Plus de quatre ans après la mort de Jeffrey Epstein, la version officielle est à nouveau remise en question. Dans une interview accordée au Telegraph et publiée ce 13 février, le pathologiste américain Michael Baden, présent lors de l’autopsie, affirme que le financier « a très probablement été étranglé, et non pendu ». Âgé de 92 ans, ce spécialiste reconnu avait été mandaté par la famille Epstein en tant qu’observateur.
Il affirme que trois fractures ont été relevées sur le cou du détenu : une sur l’os hyoïde et deux autres sur le cartilage thyroïdien. « Même une seule fracture doit faire envisager un homicide. Deux ou trois imposent une enquête approfondie », précise-t-il. En cinquante ans de carrière, Baden affirme n’avoir jamais vu un cas de suicide en prison avec ce type de blessures.
Le rapport d’autopsie, publié sous forme censurée, ne tranchait pas : la cause du décès était marquée comme « en attente », et les cases « suicide » et « homicide » restaient vides.
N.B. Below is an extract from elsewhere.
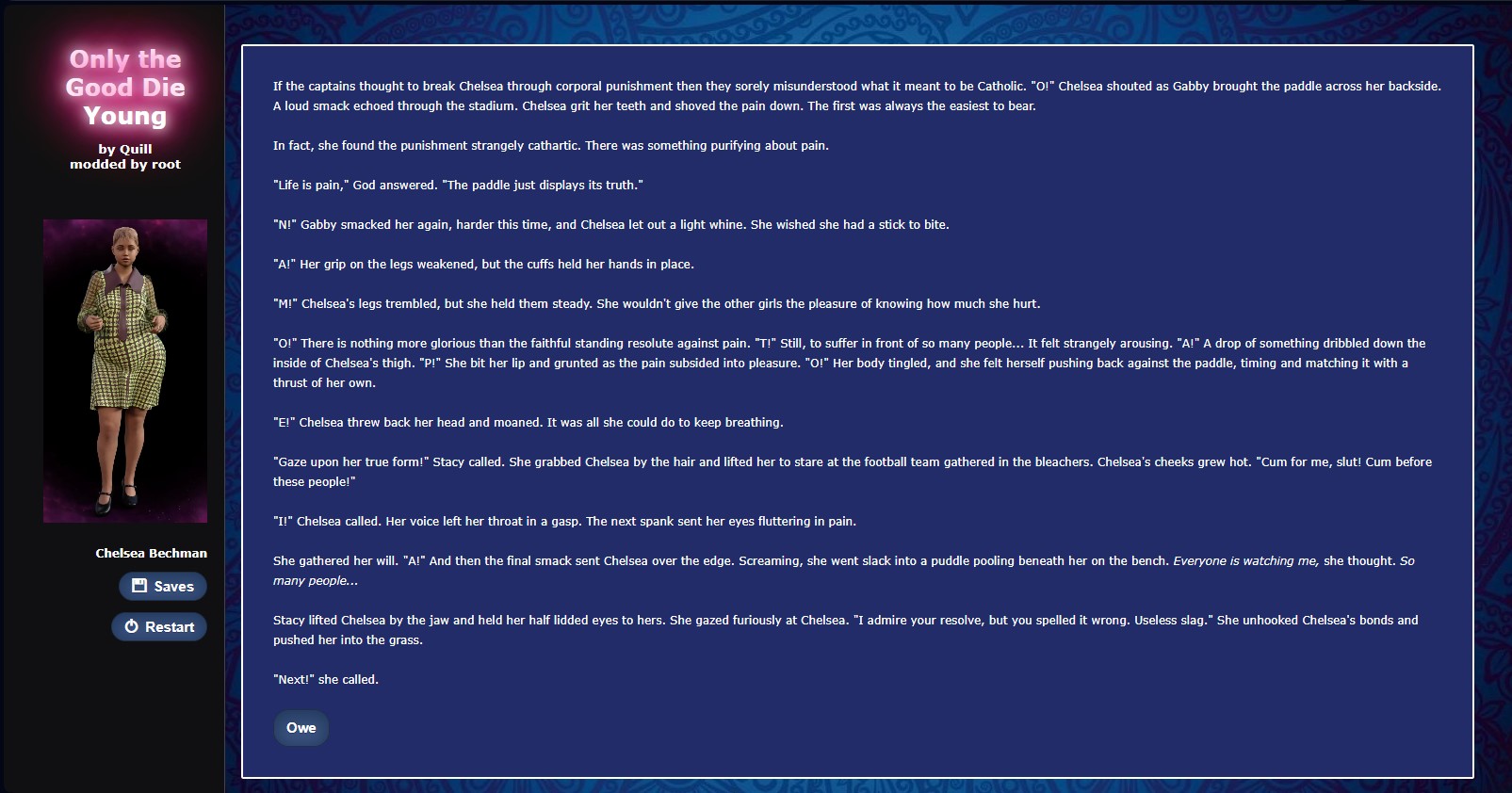 Only the Good Die Young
Pourtant, cinq jours plus tard, la médecin-chef de New York Barbara Sampson concluait officiellement à un suicide par pendaison, sans avoir été présente lors de l’examen. Cette décision, jamais révisée depuis, avait déjà été contestée par les avocats d’Epstein à l’époque.
Caméras coupées, horaires flous, preuves déplacées
Les incohérences ne s’arrêtent pas à l’autopsie. Selon les documents consultés, le communiqué officiel annonçant la mort d’Epstein est daté du 9 août 2019… soit la veille de sa découverte dans sa cellule à 6h30 du matin. Le ministère américain de la Justice parle d’une « erreur de frappe », mais ce détail, ajouté à d’autres, nourrit la méfiance.
Les caméras situées près de la cellule ne fonctionnaient pas cette nuit-là. Les rondes de sécurité prévues à 3h et 5h n’ont pas eu lieu. Dans les fichiers déclassifiés fin janvier 2026, une vidéo montre aussi une silhouette orange montant les escaliers vers l’étage d’Epstein vers 22h39. Le FBI l’a signalée dans un rapport, sans pouvoir dire s’il s’agissait d’un détenu, d’un agent ou de quelqu’un d’autre.
Autre anomalie : le drap retrouvé dans la cellule, censé avoir servi à la pendaison, ne correspondrait pas aux marques visibles sur le cou du défunt. « Le tissu était trop lisse. Les blessures suggèrent un matériau complètement différent », indique Baden. Il ajoute que le corps a été déplacé vers l’infirmerie avant même l’arrivée des enquêteurs, ce qui est, selon lui, « très inhabituel ».
Une diversion médiatique et toujours aucune enquête
Certaines révélations vont encore plus loin. Selon le tabloïd britannique Daily Mail, qui cite des documents internes publiés dans le cadre des « Epstein files », une diversion aurait été organisée lors du transfert du corps. D’après une note d’entretien figurant dans ces fichiers, des agents pénitentiaires auraient placé des boîtes et des draps disposés pour imiter un corps humain dans un fourgon officiel. Ce véhicule, suivi par la presse, aurait permis de détourner l’attention, tandis que le véritable corps d’Epstein aurait été discrètement transféré dans un autre véhicule.
À ce jour, aucune heure de décès précise n’a été enregistrée, ce que Michael Baden considère comme une lacune majeure. Une note manuscrite a bien été retrouvée dans la cellule, mais n’a jamais été qualifiée de lettre de suicide.
Malgré la publication de plusieurs millions de documents par le département de la Justice, l’affaire reste classée. Le FBI et les autorités américaines continuent d’affirmer que Jeffrey Epstein s’est suicidé.